ERXFetchSpecification fetchRange support #213

kierankelleher · 2012-06-08T04:13:28Z

Don't actually pull this into integration. The objective of this pull request is to get feedback on whether this is fundamentally something we should even consider doing in public Wonder. Is it something useful?

Setting an NSRange of { 100, 50 } on an ERXFetchSpecification and fetching will generate SQL something like this in MySQL

SELECT ..... LIMIT 100, 50;

.. that is, return the 50 records from record 101 thru 150 in what would otherwise have been a large resultset.

Implementing this in other PlugIns should be pretty easy for databases that support. The intent is not to replace ERXFetchSpecificationBatchIterator but to have another mechanism available to directly batch in SQL if desired.

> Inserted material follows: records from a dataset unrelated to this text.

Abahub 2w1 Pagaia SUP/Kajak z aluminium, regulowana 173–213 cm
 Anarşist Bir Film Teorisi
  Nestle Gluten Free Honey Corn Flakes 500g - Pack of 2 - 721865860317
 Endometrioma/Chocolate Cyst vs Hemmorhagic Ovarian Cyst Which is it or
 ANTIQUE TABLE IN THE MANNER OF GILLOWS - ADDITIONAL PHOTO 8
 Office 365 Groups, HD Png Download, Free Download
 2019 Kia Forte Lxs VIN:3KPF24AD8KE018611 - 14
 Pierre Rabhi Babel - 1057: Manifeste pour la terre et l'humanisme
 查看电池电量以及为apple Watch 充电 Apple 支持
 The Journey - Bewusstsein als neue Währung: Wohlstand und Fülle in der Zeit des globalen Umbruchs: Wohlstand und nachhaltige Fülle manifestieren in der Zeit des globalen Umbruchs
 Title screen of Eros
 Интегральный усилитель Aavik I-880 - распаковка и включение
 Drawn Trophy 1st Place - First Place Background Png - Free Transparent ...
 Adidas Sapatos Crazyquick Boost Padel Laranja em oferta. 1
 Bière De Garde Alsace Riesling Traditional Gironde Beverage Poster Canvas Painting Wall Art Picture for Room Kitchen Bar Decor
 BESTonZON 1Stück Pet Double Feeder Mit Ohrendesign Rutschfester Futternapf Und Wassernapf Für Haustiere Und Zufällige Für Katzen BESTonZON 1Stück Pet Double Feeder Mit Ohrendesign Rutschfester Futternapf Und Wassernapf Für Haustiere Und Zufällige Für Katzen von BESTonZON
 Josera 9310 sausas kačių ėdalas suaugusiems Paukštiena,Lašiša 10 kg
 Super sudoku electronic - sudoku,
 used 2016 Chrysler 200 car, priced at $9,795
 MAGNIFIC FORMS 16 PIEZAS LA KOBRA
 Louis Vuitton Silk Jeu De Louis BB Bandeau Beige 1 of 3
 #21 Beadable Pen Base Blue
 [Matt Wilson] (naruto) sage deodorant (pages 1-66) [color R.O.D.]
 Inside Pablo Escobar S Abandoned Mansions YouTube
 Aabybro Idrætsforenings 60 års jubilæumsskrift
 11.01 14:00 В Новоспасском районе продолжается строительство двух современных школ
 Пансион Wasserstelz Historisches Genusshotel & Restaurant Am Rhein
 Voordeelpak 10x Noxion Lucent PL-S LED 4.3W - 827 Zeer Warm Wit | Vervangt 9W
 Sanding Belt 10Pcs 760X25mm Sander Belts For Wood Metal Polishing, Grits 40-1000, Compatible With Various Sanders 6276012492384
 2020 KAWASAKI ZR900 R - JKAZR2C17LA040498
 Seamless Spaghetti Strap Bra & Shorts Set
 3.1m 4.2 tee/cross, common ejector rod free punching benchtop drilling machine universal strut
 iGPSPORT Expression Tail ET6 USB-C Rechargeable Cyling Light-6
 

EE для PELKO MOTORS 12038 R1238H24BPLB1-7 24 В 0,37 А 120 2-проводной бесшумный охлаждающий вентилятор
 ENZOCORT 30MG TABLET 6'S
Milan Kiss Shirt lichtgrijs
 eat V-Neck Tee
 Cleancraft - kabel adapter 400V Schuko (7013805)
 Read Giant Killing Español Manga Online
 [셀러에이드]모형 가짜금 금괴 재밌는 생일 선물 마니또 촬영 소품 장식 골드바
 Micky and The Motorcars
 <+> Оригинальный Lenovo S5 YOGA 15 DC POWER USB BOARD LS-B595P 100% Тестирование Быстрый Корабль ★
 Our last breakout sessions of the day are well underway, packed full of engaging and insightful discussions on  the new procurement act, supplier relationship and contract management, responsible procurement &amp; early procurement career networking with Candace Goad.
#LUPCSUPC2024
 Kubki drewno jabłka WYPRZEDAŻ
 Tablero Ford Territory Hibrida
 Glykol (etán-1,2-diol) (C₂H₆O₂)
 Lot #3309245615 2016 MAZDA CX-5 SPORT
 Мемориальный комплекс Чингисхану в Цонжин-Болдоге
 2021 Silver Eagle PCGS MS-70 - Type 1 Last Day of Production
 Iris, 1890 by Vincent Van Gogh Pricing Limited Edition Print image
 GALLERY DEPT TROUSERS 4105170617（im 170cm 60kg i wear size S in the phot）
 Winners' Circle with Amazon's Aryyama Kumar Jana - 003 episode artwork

Comments, opinions, criticism on its usefulness and whether we should include this in Wonder is welcome :-)

Commit comments:

Adds fetchRange option to ERXFetchSpecification and fetchRange support to _MySQL.Plugin.MySQLExpression.

ERXFetchSpecificationBatchIterator in its current incarnation works fine for batching where a reference to the
batch iterator is maintained. However in direct actions, as used inside current ERXRestFetchSpecification.results(...)
method, a new ERXFetchSpecificationBatchIterator is created on each request resulting in the entire population
of primary keys being fetched and then the batch of EOEnterpriseObjects for the primary key range is fetched.

Having a fetchRange option in ERXFetchSpecification, with support in SQL PlugIns, enables the same range of objects
to be returned in one fetch in a stateless request. This is useful for stateless requests that request a range of
a huge population of objects. This feature may also not have the ERXFetchSpecificationBatchIterator
limitation of not supporting multi-column primary keys. Another advantage is that it has no limit to the total count of
the population of objects form which the range if fetched whereas ERXFetchSpecificationBatchIterator does have a practical
limit associated with ther total number of primary keys that can or should be fetched.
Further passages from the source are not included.